Lettre des princes de la maison de Bourbon. Jugement de l'histoire. Le premier consul continue ses réformes. — Formidables apprêts de guerre. Mort de Pichegru.-Pressentiments de l'Empire; motion du tribun Curée; empressements d'adulation. Le Sénat prend les devants; il propose l'Empire à Bonaparte. — Harangues sur l'hérédité.—Bonaparte moins prompt que les flatteurs. Sénatus-consulte. - Bonaparte accepte l'Empire. – NAPOLÉON Empereur. Hommages publics. Entraînement de la France. Scènes atroces à Saint-Domingue. Dessalines empereur d'Haïti. Napoléon entoure de pompe le gouvernement de la France.-Étonnants contrastes; la République et la Monarchie; changement de rôle ; Talleyrand et Fouché. - Les salons; le faubourg St-Germain et la cour.—Littérature de l'Empire; réaction dans les lettres; jugements de Napoléon.
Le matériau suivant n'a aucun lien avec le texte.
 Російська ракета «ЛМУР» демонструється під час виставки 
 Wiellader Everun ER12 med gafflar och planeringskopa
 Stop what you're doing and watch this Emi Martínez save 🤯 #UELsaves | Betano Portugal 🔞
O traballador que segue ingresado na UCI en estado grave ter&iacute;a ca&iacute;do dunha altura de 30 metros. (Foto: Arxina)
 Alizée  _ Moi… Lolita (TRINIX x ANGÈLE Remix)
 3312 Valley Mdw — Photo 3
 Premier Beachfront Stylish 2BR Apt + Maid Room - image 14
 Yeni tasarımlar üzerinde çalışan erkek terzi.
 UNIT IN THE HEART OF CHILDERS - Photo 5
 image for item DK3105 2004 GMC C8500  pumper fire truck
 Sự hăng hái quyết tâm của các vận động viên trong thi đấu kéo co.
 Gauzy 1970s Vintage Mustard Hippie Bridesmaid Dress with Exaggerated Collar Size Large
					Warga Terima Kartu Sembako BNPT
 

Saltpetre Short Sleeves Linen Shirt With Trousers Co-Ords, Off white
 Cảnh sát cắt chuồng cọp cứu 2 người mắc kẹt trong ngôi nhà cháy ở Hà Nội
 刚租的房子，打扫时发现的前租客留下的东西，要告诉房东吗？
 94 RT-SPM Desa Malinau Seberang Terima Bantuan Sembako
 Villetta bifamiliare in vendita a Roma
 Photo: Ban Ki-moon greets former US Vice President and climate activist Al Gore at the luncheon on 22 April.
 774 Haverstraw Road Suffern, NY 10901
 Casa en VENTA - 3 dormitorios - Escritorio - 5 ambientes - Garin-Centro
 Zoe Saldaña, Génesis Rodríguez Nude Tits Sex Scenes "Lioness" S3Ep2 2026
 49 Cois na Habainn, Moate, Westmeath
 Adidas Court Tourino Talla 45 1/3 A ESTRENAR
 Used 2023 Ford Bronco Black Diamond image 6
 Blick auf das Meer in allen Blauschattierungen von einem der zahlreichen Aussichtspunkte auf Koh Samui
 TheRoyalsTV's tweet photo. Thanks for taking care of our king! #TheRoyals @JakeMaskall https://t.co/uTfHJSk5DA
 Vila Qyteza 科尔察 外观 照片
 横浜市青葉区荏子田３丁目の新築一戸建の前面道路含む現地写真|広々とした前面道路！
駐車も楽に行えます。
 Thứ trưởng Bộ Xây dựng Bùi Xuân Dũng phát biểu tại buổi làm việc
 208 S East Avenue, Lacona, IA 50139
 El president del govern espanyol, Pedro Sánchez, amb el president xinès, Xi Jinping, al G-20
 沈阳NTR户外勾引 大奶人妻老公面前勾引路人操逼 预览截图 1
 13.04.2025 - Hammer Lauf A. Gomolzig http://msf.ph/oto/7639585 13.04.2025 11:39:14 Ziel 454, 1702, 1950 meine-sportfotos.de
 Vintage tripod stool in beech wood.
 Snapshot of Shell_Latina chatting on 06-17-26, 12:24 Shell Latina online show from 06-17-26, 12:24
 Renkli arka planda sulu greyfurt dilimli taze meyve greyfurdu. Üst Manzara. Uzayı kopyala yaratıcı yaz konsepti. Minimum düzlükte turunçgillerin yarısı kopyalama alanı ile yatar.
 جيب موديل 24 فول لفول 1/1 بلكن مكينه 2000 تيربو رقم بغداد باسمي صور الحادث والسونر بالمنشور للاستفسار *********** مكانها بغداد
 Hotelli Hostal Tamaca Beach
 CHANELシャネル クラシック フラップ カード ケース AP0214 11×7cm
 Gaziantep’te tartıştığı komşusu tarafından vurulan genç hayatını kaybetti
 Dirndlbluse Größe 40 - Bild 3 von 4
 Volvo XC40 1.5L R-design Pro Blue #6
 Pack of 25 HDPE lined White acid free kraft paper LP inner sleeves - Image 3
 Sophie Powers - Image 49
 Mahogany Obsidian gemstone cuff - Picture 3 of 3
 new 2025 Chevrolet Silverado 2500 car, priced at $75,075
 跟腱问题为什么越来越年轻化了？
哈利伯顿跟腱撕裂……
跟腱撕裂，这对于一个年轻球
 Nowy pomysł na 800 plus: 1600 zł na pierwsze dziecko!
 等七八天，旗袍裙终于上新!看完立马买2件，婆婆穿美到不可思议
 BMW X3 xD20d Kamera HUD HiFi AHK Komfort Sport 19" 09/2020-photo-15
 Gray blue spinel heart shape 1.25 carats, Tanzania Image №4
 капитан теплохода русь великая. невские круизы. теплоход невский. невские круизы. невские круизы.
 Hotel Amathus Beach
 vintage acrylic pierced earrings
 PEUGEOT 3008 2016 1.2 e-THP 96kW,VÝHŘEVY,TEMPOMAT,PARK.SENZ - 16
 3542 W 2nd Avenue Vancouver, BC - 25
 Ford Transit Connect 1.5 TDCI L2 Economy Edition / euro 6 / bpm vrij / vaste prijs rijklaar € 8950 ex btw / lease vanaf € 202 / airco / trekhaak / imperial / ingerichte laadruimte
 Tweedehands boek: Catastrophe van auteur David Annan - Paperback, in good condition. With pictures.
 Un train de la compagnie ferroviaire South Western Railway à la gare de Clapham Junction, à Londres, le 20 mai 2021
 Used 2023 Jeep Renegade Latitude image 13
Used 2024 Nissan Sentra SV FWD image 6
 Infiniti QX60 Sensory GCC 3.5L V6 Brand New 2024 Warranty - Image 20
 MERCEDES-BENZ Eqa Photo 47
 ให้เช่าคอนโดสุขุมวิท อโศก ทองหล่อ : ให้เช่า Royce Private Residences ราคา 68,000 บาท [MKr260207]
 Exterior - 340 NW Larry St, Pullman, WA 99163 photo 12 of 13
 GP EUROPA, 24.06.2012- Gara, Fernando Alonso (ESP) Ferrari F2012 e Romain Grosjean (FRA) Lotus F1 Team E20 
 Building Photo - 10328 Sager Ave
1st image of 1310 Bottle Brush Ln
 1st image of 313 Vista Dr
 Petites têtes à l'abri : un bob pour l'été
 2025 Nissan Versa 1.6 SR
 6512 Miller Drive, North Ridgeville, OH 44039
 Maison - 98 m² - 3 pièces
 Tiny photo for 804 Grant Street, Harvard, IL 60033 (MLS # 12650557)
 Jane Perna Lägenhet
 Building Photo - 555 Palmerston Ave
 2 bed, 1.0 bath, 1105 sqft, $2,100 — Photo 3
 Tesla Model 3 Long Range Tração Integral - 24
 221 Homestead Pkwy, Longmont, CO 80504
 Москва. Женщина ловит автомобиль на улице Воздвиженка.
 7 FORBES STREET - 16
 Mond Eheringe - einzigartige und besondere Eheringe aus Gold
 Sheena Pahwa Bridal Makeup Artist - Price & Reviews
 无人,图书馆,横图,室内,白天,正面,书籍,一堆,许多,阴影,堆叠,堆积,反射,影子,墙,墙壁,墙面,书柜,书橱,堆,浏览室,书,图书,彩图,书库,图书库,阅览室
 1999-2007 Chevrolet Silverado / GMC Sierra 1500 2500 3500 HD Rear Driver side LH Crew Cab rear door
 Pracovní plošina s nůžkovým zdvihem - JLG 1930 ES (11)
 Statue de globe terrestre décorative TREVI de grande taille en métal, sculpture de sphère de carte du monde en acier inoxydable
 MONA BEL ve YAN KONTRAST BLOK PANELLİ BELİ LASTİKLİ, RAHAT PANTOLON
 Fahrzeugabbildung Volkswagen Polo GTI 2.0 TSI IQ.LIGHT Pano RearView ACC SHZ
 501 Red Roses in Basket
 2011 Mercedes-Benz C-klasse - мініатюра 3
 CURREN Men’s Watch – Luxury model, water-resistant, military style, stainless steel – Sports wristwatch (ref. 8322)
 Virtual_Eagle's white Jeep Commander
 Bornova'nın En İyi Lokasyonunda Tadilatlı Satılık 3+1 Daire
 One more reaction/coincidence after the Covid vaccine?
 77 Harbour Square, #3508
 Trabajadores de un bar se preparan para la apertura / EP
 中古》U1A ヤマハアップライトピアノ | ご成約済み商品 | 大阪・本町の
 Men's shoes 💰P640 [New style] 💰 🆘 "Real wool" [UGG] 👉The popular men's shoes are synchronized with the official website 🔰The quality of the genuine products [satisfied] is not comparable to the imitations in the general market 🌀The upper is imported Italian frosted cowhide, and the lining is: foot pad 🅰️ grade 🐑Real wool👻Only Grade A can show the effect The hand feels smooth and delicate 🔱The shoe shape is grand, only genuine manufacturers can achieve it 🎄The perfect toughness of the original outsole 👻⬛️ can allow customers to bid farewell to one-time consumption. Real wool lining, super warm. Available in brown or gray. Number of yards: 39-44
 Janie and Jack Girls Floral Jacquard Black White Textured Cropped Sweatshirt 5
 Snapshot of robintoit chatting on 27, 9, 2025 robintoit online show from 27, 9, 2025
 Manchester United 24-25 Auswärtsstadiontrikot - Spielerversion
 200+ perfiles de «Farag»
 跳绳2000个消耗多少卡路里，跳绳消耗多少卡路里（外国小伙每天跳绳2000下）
Cependant cette domination de Bonaparte sur l'Italie, sur la Suisse, sur la Hollande, chaque jour aggravée par des actes politiques, avait irrité l'Angleterre. Des armements se faisaient dans les ports de France, et vainement on annonçait qu'ils étaient destinés à Saint-Domingue, dont la possession restait douteuse en regard d'une guerre d'esclaves à peine assoupie; l'Angleterre y voyait pour elle-même une menace. Des ingénieurs français, sous le nom de consuls, avaient, disait-on, épié ses côtes et sondé ses ports, et cette idée d'une agression française, toujours facilement accréditée, faisait de la paix un péril de plus contre lequel le cabinet de Londres avait à se prémunir. Ce prétexte lui avait suffi pour ne pas évacuer l'ile de Malte, et c'était ici une violation manifeste du traité d'Amiens.